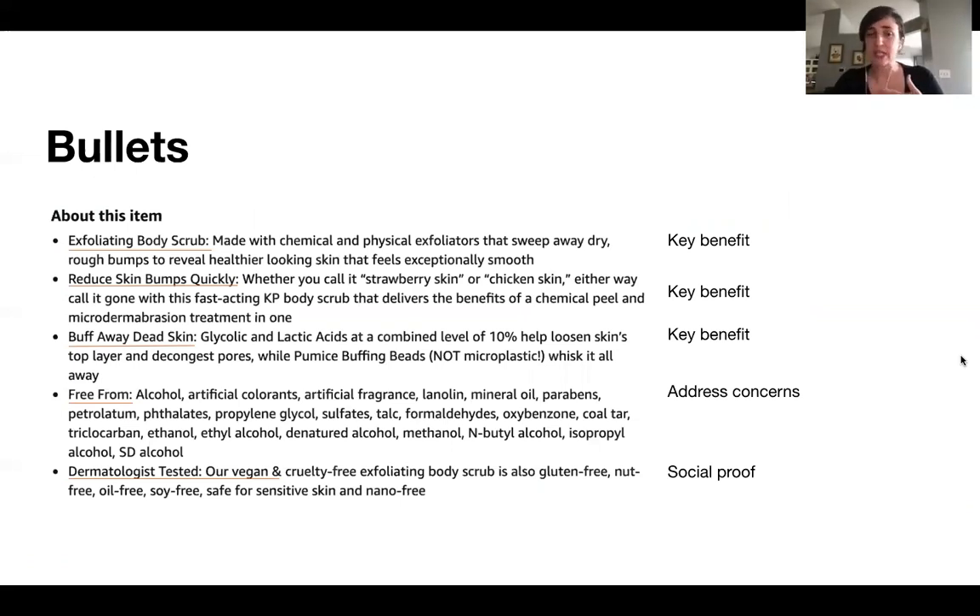Some bullet point tips: it's really great to have longer-form bullets to boost your SEO. However, because they can get hidden on mobile, you want to make sure the first one or two are really getting straight to the benefit for your consumer. For example, for a body scrub that helps reduce bumps on the skin, getting in keywords like 'strawberry skin' or 'chicken skin' which are commonly searched — but focusing more on what the product is and what it does — so that if everything else is hidden behind that mobile expander, it's still really clear what the shopper is finding when they get to this page.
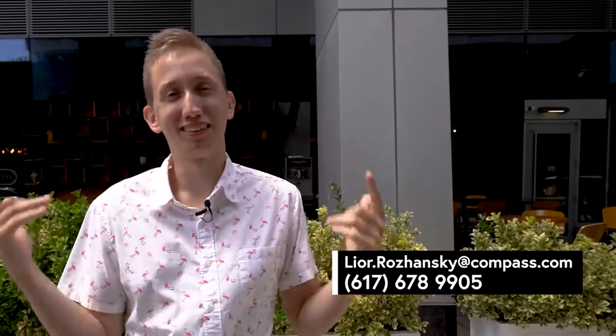Before we start talking about the different places and restaurants here, two super quick things: number one, if this is your first time on my channel make sure you subscribe — I put out tons of new videos every single week. And number two, if you're thinking about making any sort of move into Boston — whether you're buying, selling, investing, or leasing — I still get so many calls from you guys watching my videos, so hit me up and I will definitely help you out.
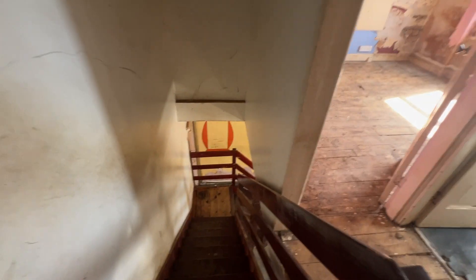Okay, up the stairs next, onto the landing.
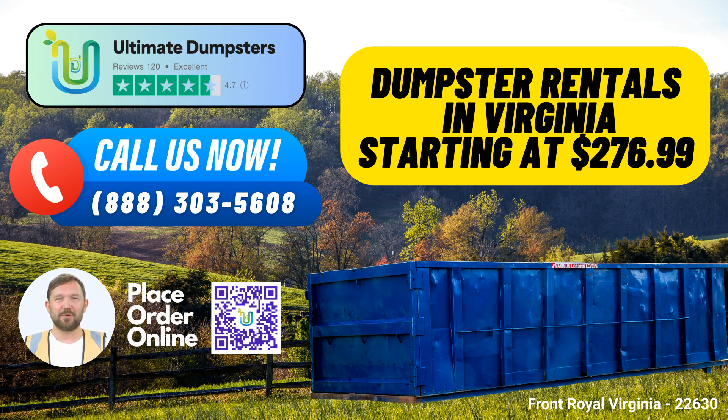Are you in need of a same-day roll-off dumpster rental service in Front Royal, Virginia? Look no further than Ultimate Dumpsters, your go-to source for waste management and debris disposal solutions. Let's explore the benefits of choosing Ultimate Dumpsters for your dumpster rental needs in Front Royal.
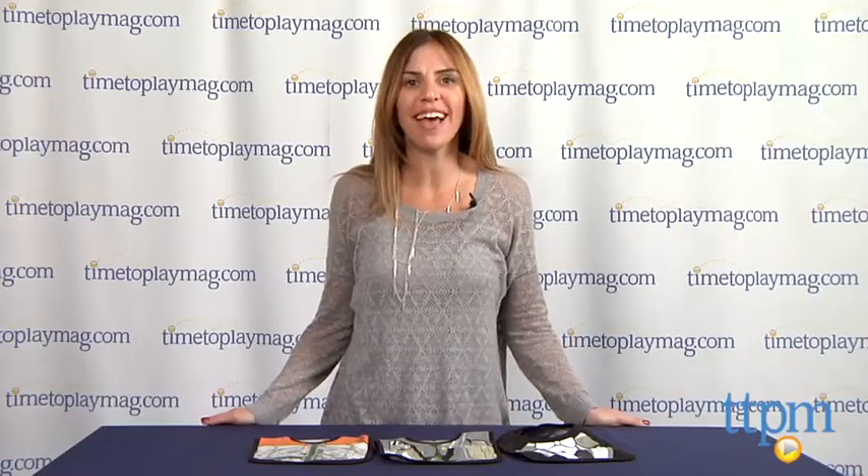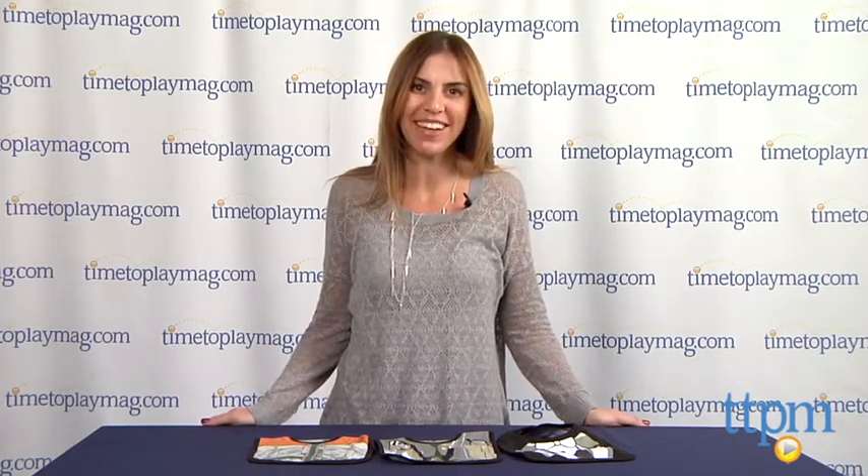For more infant products and the best reviews online, visit us at TTPM or download our free app, Shop for Kids by Time to Play Mag.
········
■ **EXERCISE PROMPT**
All records are to be reproduced exactly; the pictures are to be omitted.

■ **RESULT OF THIS EXERCISE**
Some bullet point tips: it's really great to have longer-form bullets to boost your SEO. However, because they can get hidden on mobile, you want to make sure the first one or two are really getting straight to the benefit for your consumer. For example, for a body scrub that helps reduce bumps on the skin, getting in keywords like 'strawberry skin' or 'chicken skin' which are commonly searched — but focusing more on what the product is and what it does — so that if everything else is hidden behind that mobile expander, it's still really clear what the shopper is finding when they get to this page.
Before we start talking about the different places and restaurants here, two super quick things: number one, if this is your first time on my channel make sure you subscribe — I put out tons of new videos every single week. And number two, if you're thinking about making any sort of move into Boston — whether you're buying, selling, investing, or leasing — I still get so many calls from you guys watching my videos, so hit me up and I will definitely help you out.
Okay, up the stairs next, onto the landing.
Are you in need of a same-day roll-off dumpster rental service in Front Royal, Virginia? Look no further than Ultimate Dumpsters, your go-to source for waste management and debris disposal solutions. Let's explore the benefits of choosing Ultimate Dumpsters for your dumpster rental needs in Front Royal.
For more infant products and the best reviews online, visit us at TTPM or download our free app, Shop for Kids by Time to Play Mag.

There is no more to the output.